The United States and its partners are concerned because there are many unresolved issues in the Western Balkans region and Bosnia and Herzegovina is a special problem, where constant political disputes threaten to delay commenced reform processes, US Deputy Assistant Secretary for European and Eurasian Affairs Hoyt Yee said in Sarajevo on Tuesday.

Countries in the region are continuing to have serious difficulties in the fight against corruption and in their efforts to establish the rule of law, however, some progress exists and that is particularly evident in Montenegro, which is a step away from NATO membership, and Albania's achievements are also significant, Yee told a press conference.

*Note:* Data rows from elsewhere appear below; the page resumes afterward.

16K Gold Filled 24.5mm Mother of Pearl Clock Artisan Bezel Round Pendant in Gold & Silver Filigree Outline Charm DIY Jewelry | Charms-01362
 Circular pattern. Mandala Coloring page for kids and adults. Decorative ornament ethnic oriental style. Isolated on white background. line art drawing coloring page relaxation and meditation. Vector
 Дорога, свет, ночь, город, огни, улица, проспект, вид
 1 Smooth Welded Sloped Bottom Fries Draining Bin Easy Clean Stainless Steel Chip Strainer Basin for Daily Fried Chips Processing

The US sees Bosnia and Herzegovina as a neuralgic spot in this part of Europe and strongly supports the EU initiative to bring the country closer to the EU through the implementation of reforms.

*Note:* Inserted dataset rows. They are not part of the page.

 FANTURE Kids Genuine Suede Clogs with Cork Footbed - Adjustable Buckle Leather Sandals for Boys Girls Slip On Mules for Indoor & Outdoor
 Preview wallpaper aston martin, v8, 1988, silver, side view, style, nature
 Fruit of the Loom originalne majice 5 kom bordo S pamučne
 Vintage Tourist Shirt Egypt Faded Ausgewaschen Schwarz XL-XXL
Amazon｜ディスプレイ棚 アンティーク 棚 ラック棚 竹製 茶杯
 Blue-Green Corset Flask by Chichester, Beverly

That initiative was launched late 2014 and last year the first visible signs appeared. However, now there is a deadlock because of delays in an agreement being reached on a mechanism to coordinate relations with Brussels, the alignment of the Interim Trade Agreement, and the publication of the results of the population census conducted in 2013, without which Bosnia and Herzegovina cannot provide credible information required for it to be granted candidate status for EU membership.

In addition, it appears that local elections called for October could additionally heighten the political rhetoric and disputes, which equally worries the USA and EU.

Yee told reporters that the US is concerned with the deadlock in reform processes.

There is a risk that Bosnia and Herzegovina will continue to fall behind the region because other states are implementing reforms, while politicians in Bosnia and Herzegovina are continuing to have difficulty in agreeing on the necessary steps, Yee said, explaining that Washington is urging politicians in Bosnia and Herzegovina to show decisiveness in reaching an agreement of contentious issues.

He added that the difficulty of the reforms required cannot be an excuse to avoid them.

He called on Bosnia and Herzegovina to strengthen ties with NATO even though, due to the unfinished registration of properties in the country, it was doubtful that the country would be given the green light at the next NATO summit in Warsaw to activate its Membership Action Plan (MAP).

Activation of MAP was blocked due to objections by the Republika Srpska entity to register barracks and military training grounds to the state's defence ministry. The government in this Serb entity is asking that those properties be registered to the two entities which would in turn lease them to the state and its defence forces, which is unacceptable to NATO.

Commenting on the weekend's protest rallies in Banja Luka by government supporters and opposition sympathisers, Yee said that the US supports the right of citizens to democratic and non-violent action to express their views of society.